The listing below holds pictures; exclude them. Return exactly the lines from the one with "Walrus Party - Tough Case for iPhone®" through the one with "Guccissima Horsebit Tote Bag — view 4".

Data listing Block Start

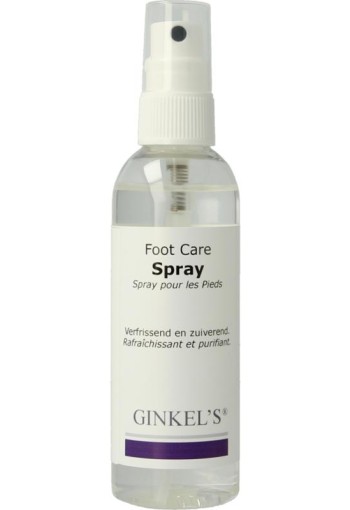 Ginkel's Zweetvoetenspray (100 Milliliter)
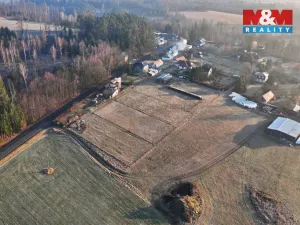 Prodej pozemku pro bydlení, Okrouhlice - Chlístov, 1456 m2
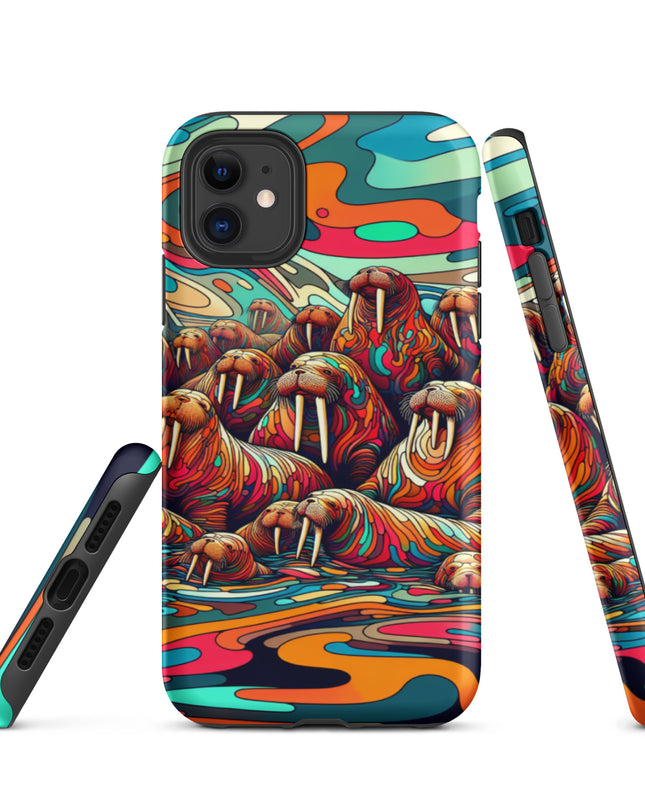 Walrus Party - Tough Case for iPhone®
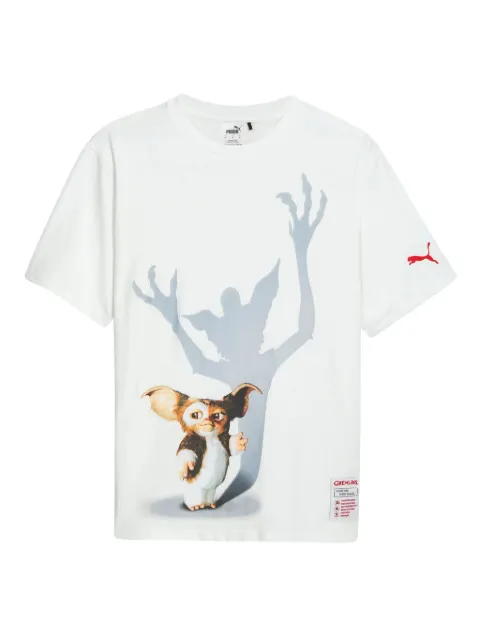 PUMA playera manga corta con estampado gráfico de Eastpak x Gremlins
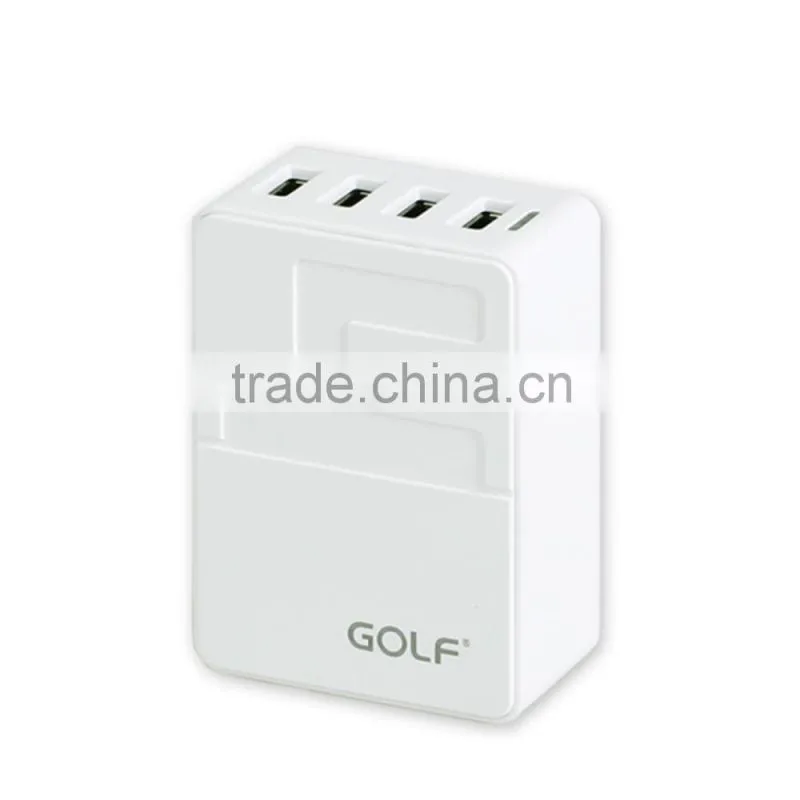 2016 high quality usb home charger/usb wall charger/5v 6A usb power adapter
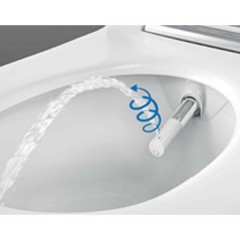 Унитаз-биде подвесной Geberit AquaClean Sela 146.224.21.1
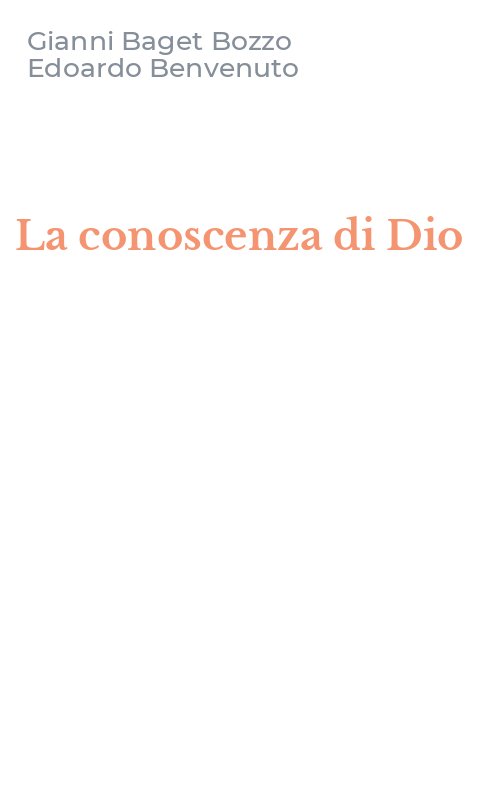 La conoscenza di Dio
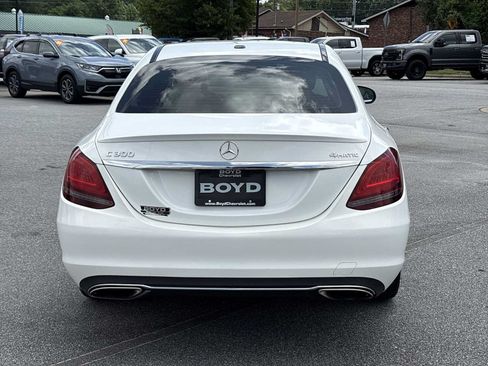 Used 2019 Mercedes-Benz C 300 4MATIC Sedan image 7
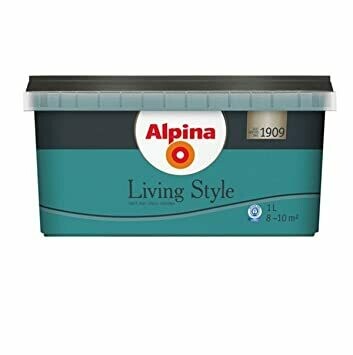 Alpina Pittura colorata Living Style Strong Petrol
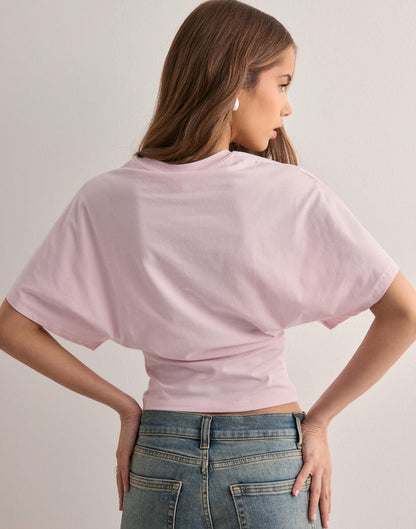 Olivia - T-shirt met Relaxte Pasvorm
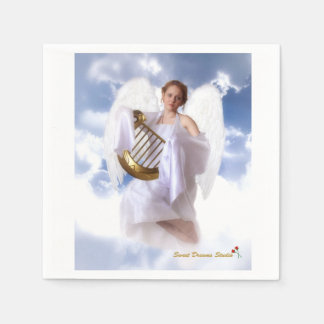 Serviette En Papier Angel Napkins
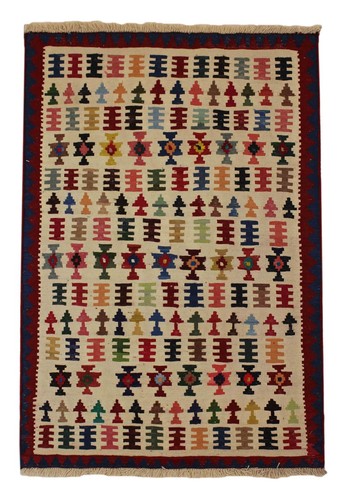 Tappeto kilim tessuto mano - tappeto, a
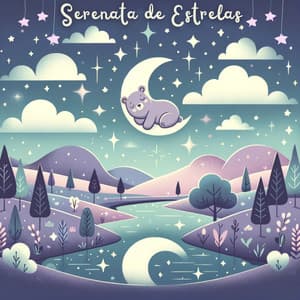 Serenata de Estrelas: Canções de Ninar para Noites Tranquilas - Meditação Espiritualidade Musica Academia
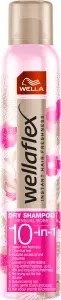 Wellaflex suchý šampon na vlasy Sensual Rose, 180 ml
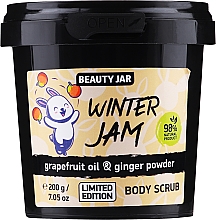 Peeling do ciała - Beauty Jar Winter Jam Body Scrub — Zdjęcie N1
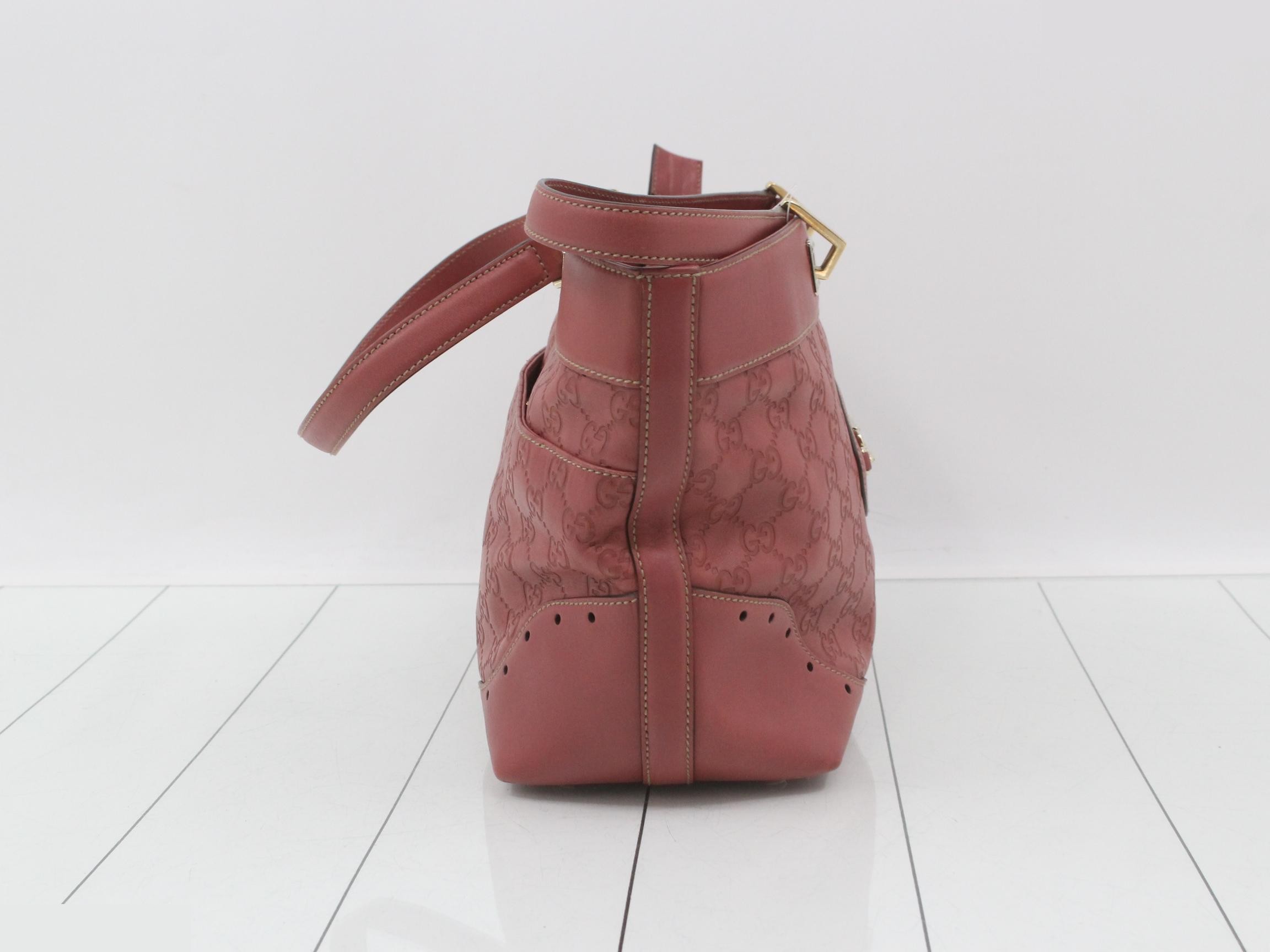 Guccissima Horsebit Tote Bag — view 4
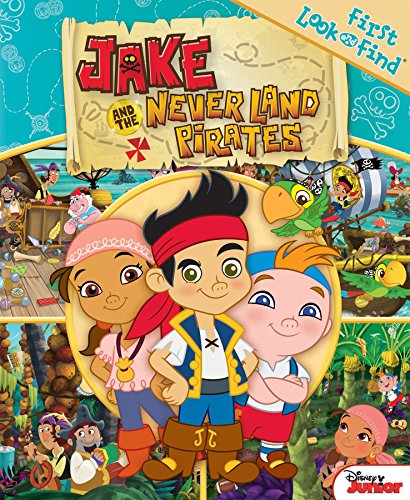 9781450843942: My First Look Find Jake and the Neverland Pirates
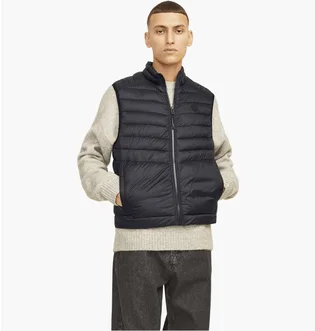 Жилетка чоловіча Jack & Jones Jjesprint Bodywarmer Collar Black 12258457-BLACK-SOLID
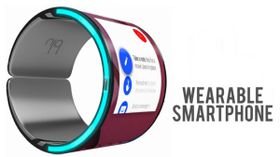 ಬರ್ತಿದೆ ವಿಶ್ವದ ಮೊದಲ ಧರಿಸಬಹುದಾದ ಸ್ಮಾರ್ಟ್‌ಫೋನ್..!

Data listing Block End

> [Final answer]
 Walrus Party - Tough Case for iPhone®
 PUMA playera manga corta con estampado gráfico de Eastpak x Gremlins
 2016 high quality usb home charger/usb wall charger/5v 6A usb power adapter
 Унитаз-биде подвесной Geberit AquaClean Sela 146.224.21.1
 La conoscenza di Dio
 Used 2019 Mercedes-Benz C 300 4MATIC Sedan image 7
 Alpina Pittura colorata Living Style Strong Petrol
 Olivia - T-shirt met Relaxte Pasvorm
 Serviette En Papier Angel Napkins
 Tappeto kilim tessuto mano - tappeto, a
 Serenata de Estrelas: Canções de Ninar para Noites Tranquilas - Meditação Espiritualidade Musica Academia
 Wellaflex suchý šampon na vlasy Sensual Rose, 180 ml
 Peeling do ciała - Beauty Jar Winter Jam Body Scrub — Zdjęcie N1
 Guccissima Horsebit Tote Bag — view 4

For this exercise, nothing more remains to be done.